*DATASET EXCERPTS:*
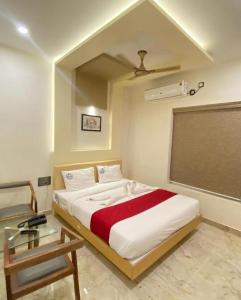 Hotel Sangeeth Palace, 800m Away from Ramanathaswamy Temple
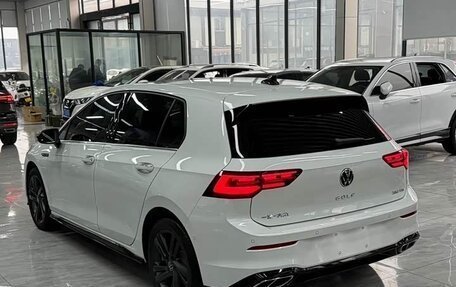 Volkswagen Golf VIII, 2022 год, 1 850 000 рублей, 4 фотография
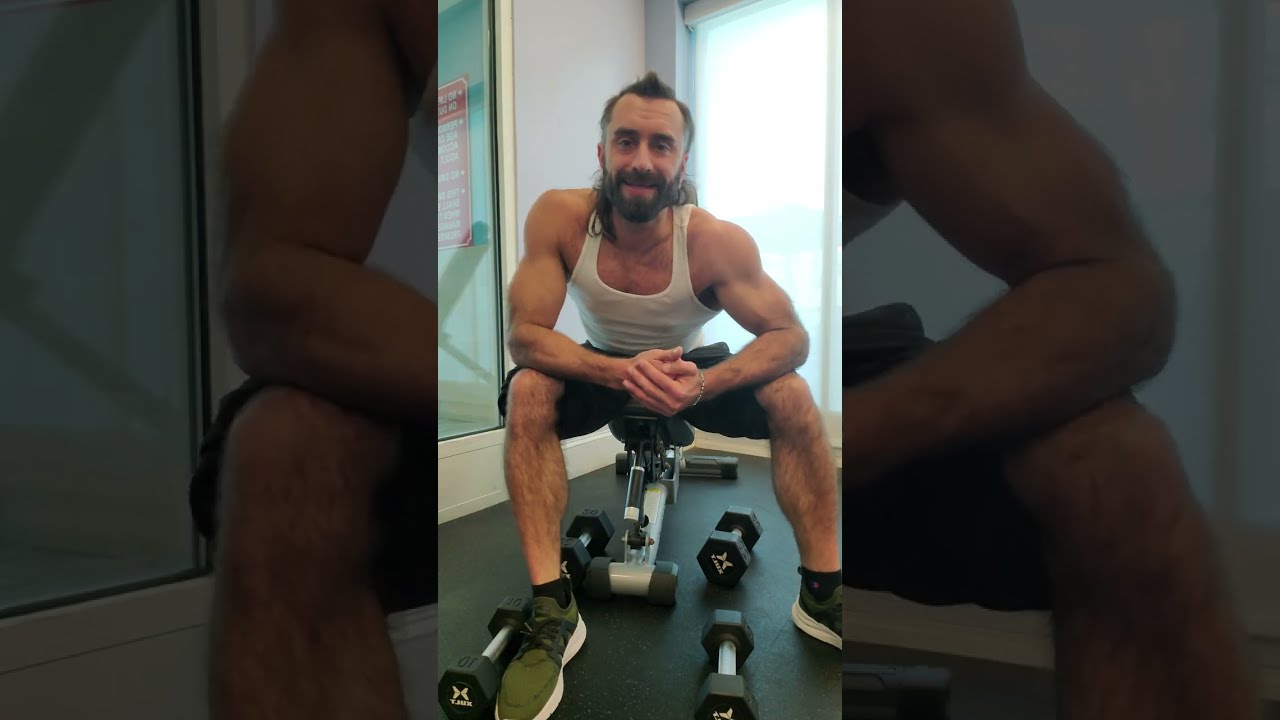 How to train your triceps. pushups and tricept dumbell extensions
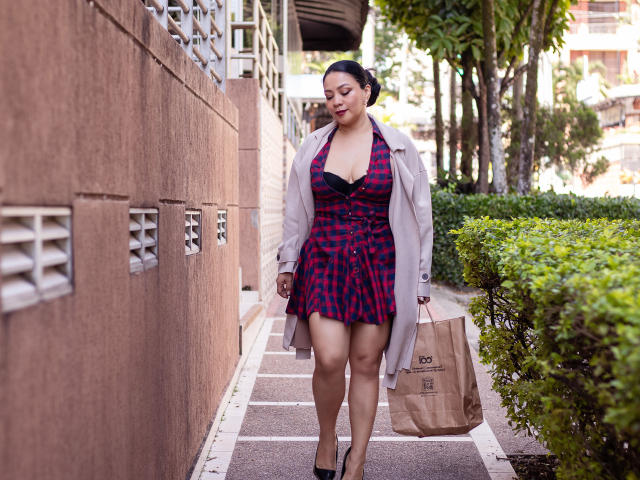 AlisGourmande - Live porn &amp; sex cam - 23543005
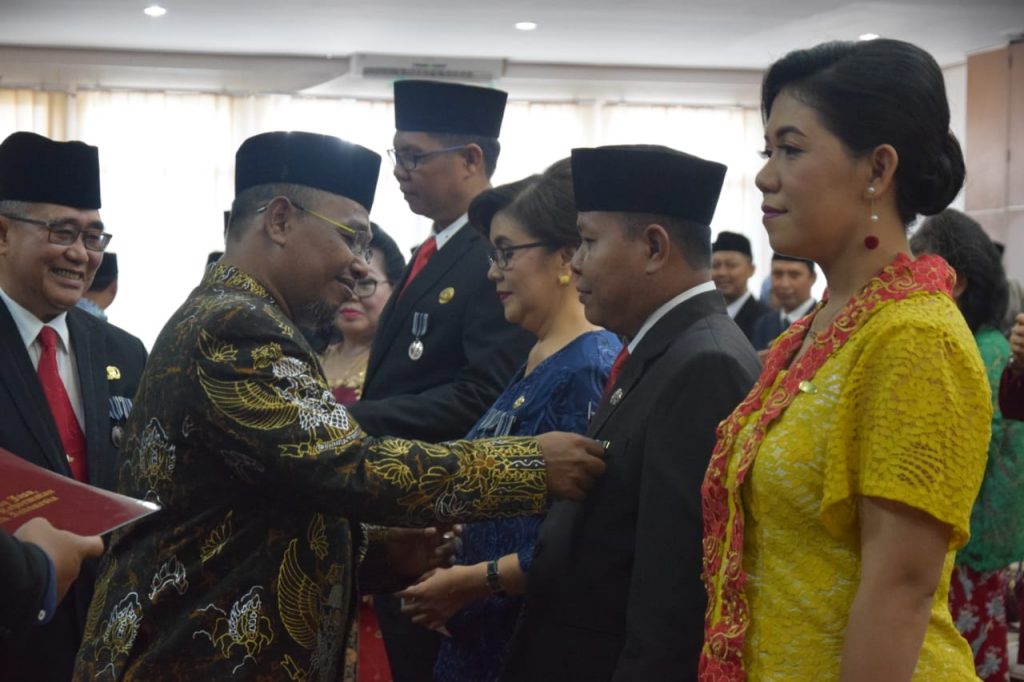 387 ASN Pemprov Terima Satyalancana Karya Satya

*WHAT IS BEING ASKED:* Pictures don't belong in the copy. Restate all the entries exactly.

*RESPONSE TO THE TASK:*
 Hotel Sangeeth Palace, 800m Away from Ramanathaswamy Temple
 Volkswagen Golf VIII, 2022 год, 1 850 000 рублей, 4 фотография
 How to train your triceps. pushups and tricept dumbell extensions
 AlisGourmande - Live porn &amp; sex cam - 23543005
 387 ASN Pemprov Terima Satyalancana Karya Satya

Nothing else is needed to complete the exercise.